Brandon Sanderson is an award-winning author renowned for the intricate and immersive worlds he creates, and for his highly detailed systems of magic. Recently, he has brought those talents to YA with the publication of his first teen novel, The Rithmatist.
Brandon kindly answered our questions AND sent us two signed copies of his book to give away! Leave your name and contact info in the comments to enter the draw (we won’t publish your details). The answers below were transcribed from audio recorded for this interview.
Q: This is your first teen novel, although you are well known for your adult science fiction and the Alcatraz series for middle grade readers. What motivated you to write for a YA audience?
A: I do read quite a bit of YA fiction. In fact, during the era when I was trying to break into publishing—the late 90s and early 2000s—a lot of the really exciting things in sci-fi and fantasy were happening in YA and middle grade. Garth Nix, J.K. Rowling, Diana Wynne Jones and others created some wonderfully imaginative writing during this time.

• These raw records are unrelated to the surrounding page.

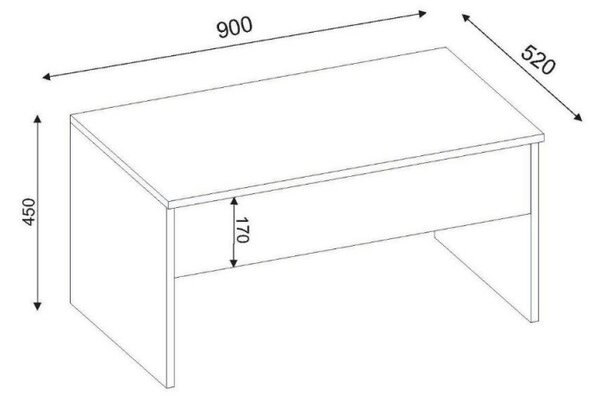 Холна маса Furny Home 756FRN2815, 90x52 см, Разгъваща се, Бял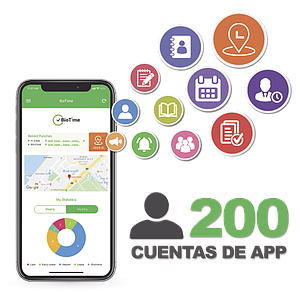 Licencia para realizar checadas de asistencia desde Smartphone (APP) con envío de fotografía y ubicación por GPS / Compatible con BIOTIMEPRO / Licencia para 200 usuario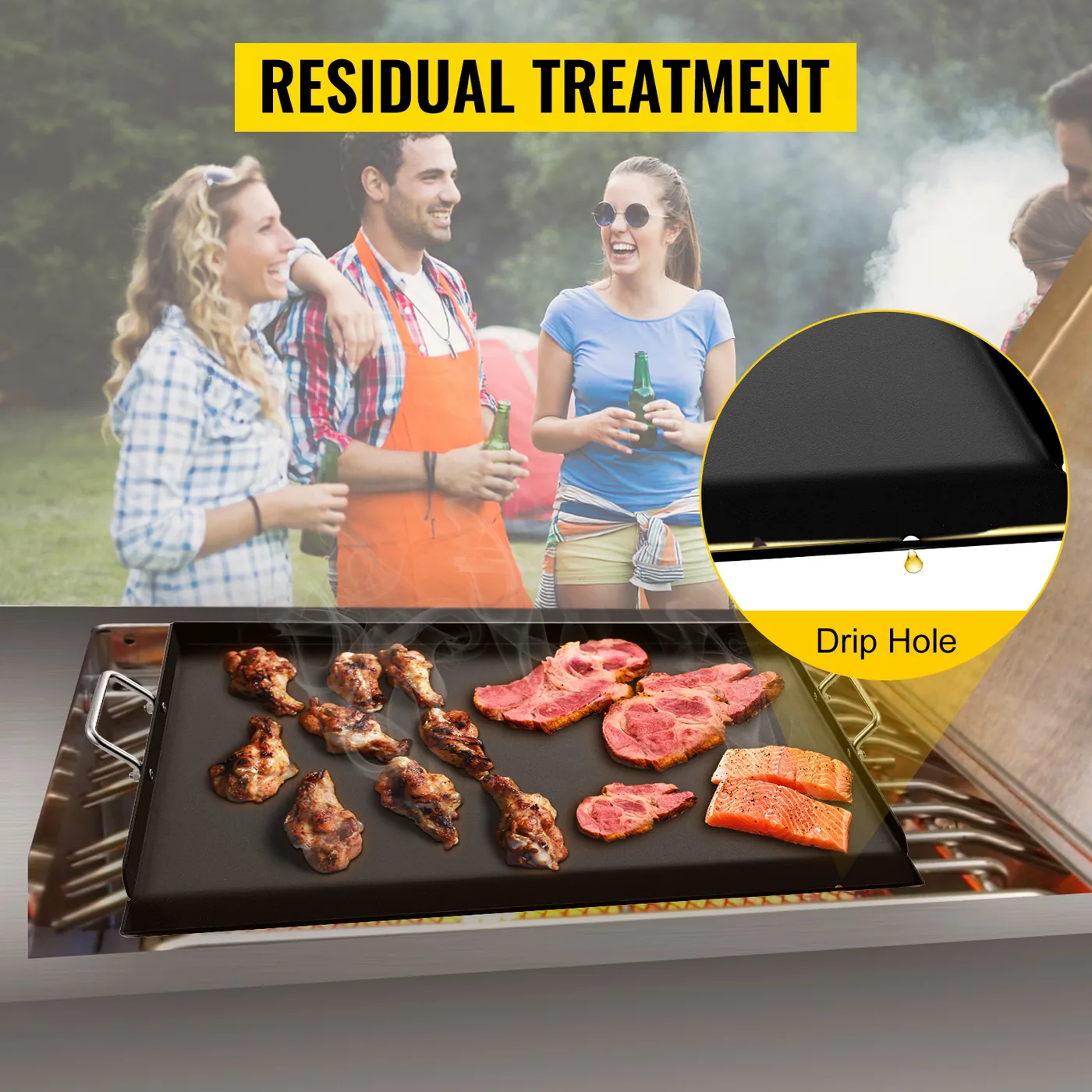 VEVOR Carbon Steel Griddle 24 x 16 in feature 4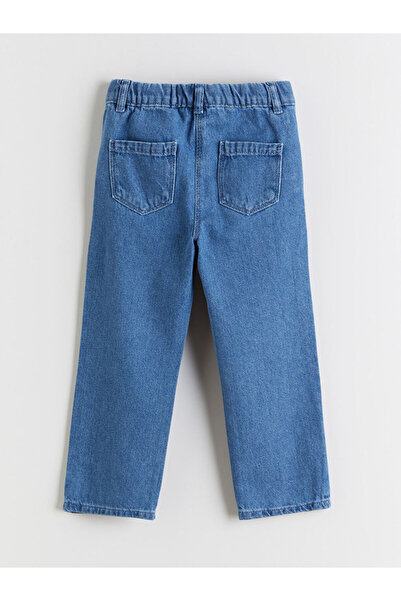 LC Waikiki Blue Elastic Waist Stitch Printed Girls' Jeans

I dipped my toes into middle grade with my Alcatraz series soon after I got published. I hadn’t written a YA before, but I wanted to—for the same reason I write epic fantasy: there are awesome things I can do in in epic fantasy that I can’t do in other genres. And there are awesome things I can do in teen fiction that I don’t feel I can get away with in the same way in adult fiction.
Science fiction and fantasy have a very fascinating connection with YA fiction. If you look at some of the series I loved as a youth—the Wheel of Time, Shannara, and the Eddings books, for example—these have enormous teen crossover. In fact, when you get to something like the Eddings books, you’ve got to wonder if they would’ve been shelved in the teen section in a later era.
Back up even further to the juveniles that were written by Heinlein and others, and we see that teen fiction has been an integral part of science fiction and fantasy. Some of the early fantasy writings—things like Lewis Carroll’s Through the Looking Glass and C.S. Lewis’s works—were foundational in how the fantasy genre came to be.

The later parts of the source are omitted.